Senator PASTORE. And have you worked since?
Mr. GONSALVES. No.

Senator PASTORE. How old are you, Mr. Gonsalves? Do you mind telling us?

Mr. GONSALVES. You won't fall out of the chair, will you?

Senator PASTORE. I hope not.

Mr. GONSALVES. I am 70, but I am willing to go on a job tomorrow, if you have one for me. Have you?

Senator PASTORE. No; but if I had one, you could have it. I like your spirit.

Mr. CARIGNAN. Mr. Simas.

STATEMENT OF MANUEL C. SIMAS, TEXTILE WORKER,

NEW BEDFORD

Mr. SIMAS. Mr. Senator, my name is Manuel C. Simas. I live at 102 Jarry Street, New Bedford. I am president of Local 593, Textile Workers of America, AFL-CIO. Local 593 is composed of about 11,000 workers who are employed at the Wamsutta Mills. I am appearing before you today to try to give you some information that will help you in your study of the problems of the textile industry in this country.

Some of these problems must be involved in the closing of the plant by the Lowenstein Co. Here is a plant which throughout the past years the workers have fully cooperated in an effort to make the Wamsutta Mills a moneymaking plant, and according to the financial report it seems that the workers succeeded in their efforts. We took on increased workloads, we refrained from making requests for substantial wage increases, all this at a time when the cost of living was. increasing by leaps and bounds.
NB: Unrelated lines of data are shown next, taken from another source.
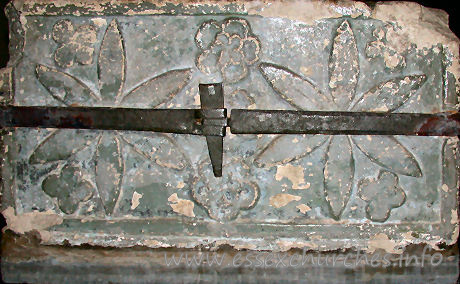 St Edmund, Abbess Roding Church – This side of the font shows two flowers and three small roses, along with four smaller flowers in each corner.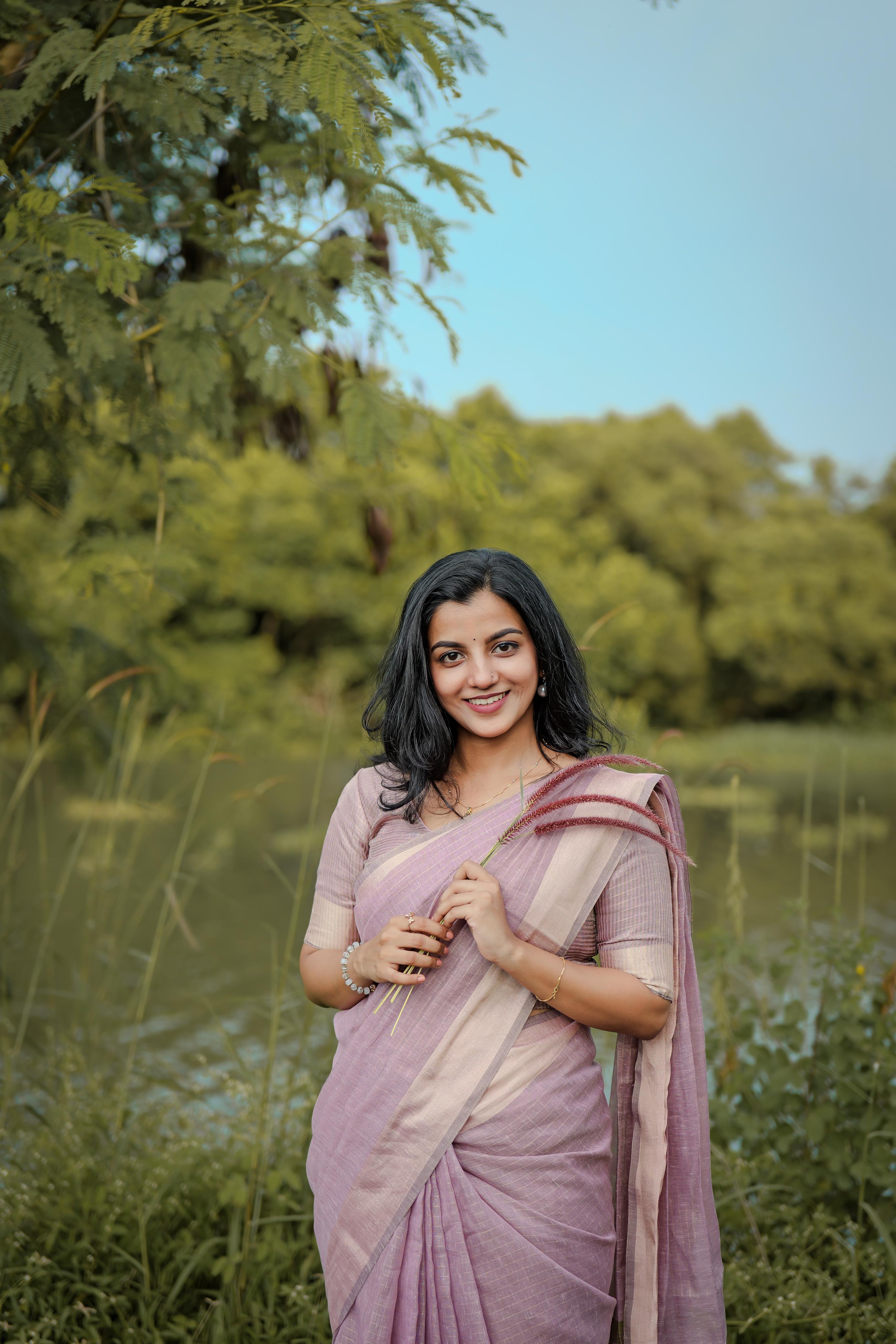 Tissue checks pastel shade saree with tussles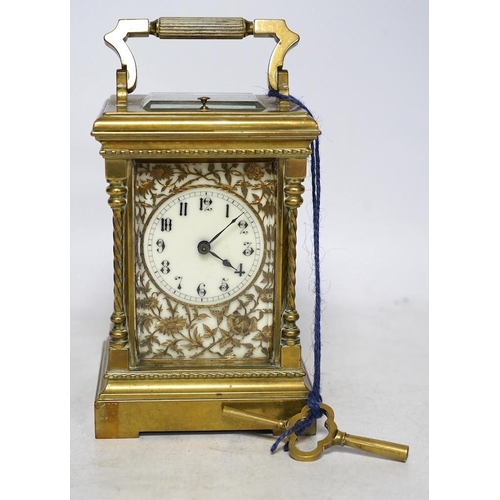 347 - A large brass repeating carriage clock with key and ornate filigree dial, 17cm high (including handl... 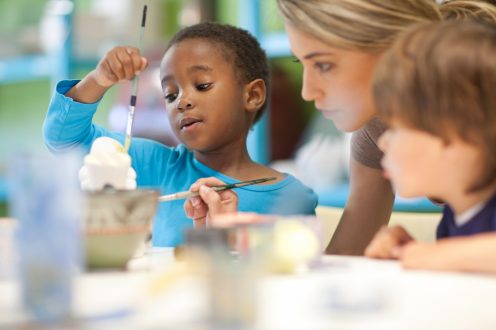 Children and teacher painting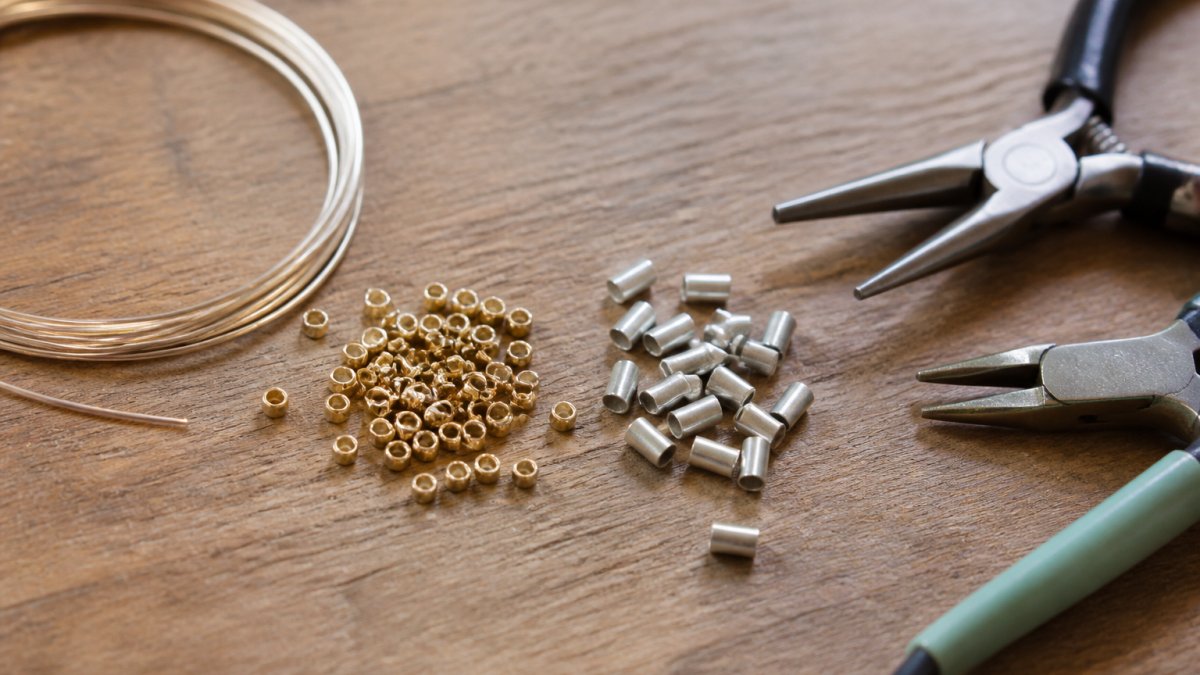 Close-up on a craft table showing a small pile of round crimp beads next to a row of cylindrical crimp tubes, with fine beading wire and jewelry pliers resting beside them under warm daylight
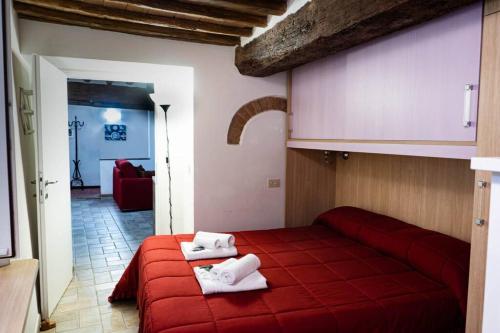 Posteľ alebo postele v izbe v ubytovaní Bargello House by FrancigenaApartments
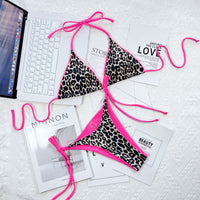 Leopard print bikini with pink straps on a white surface with magazines and a laptop.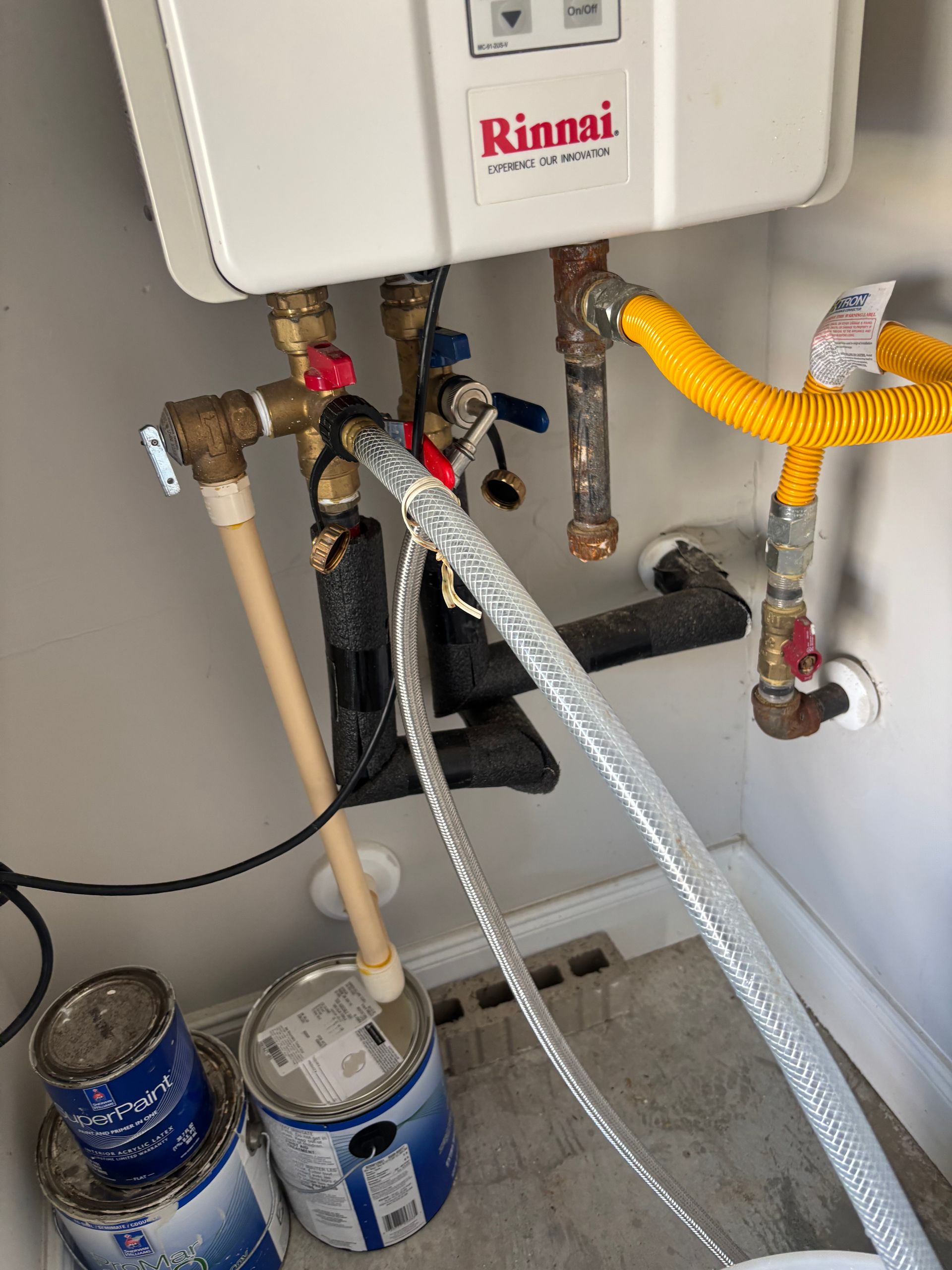 Plumber tightening a pipe fitting with a wrench beside a pressure gauge and copper pipes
On the other hand, we read in the reports of the Lowenstein Co. that in 1955 the company paid $692,000 in salaries and bonuses to 9 of the executives. We also find that in the Wamsutta plant, bonuses were paid to the supervisors each year.

I, for one, sincerely hope that your committee will quickly find some way in which relief shall come about. It is our sincere hope that some program can be developed to keep the Wamsutta in operation in New Bedford.

In 1954, Lowenstein bought Wamsutta. We called a meeting of all the workers. At this meeting we were told that Lowensteins were in business for 50 years or more, and never in their history had they liquidated a mill, and he said as long as the mill made a profit. he would never close the plant or move it elsewhere.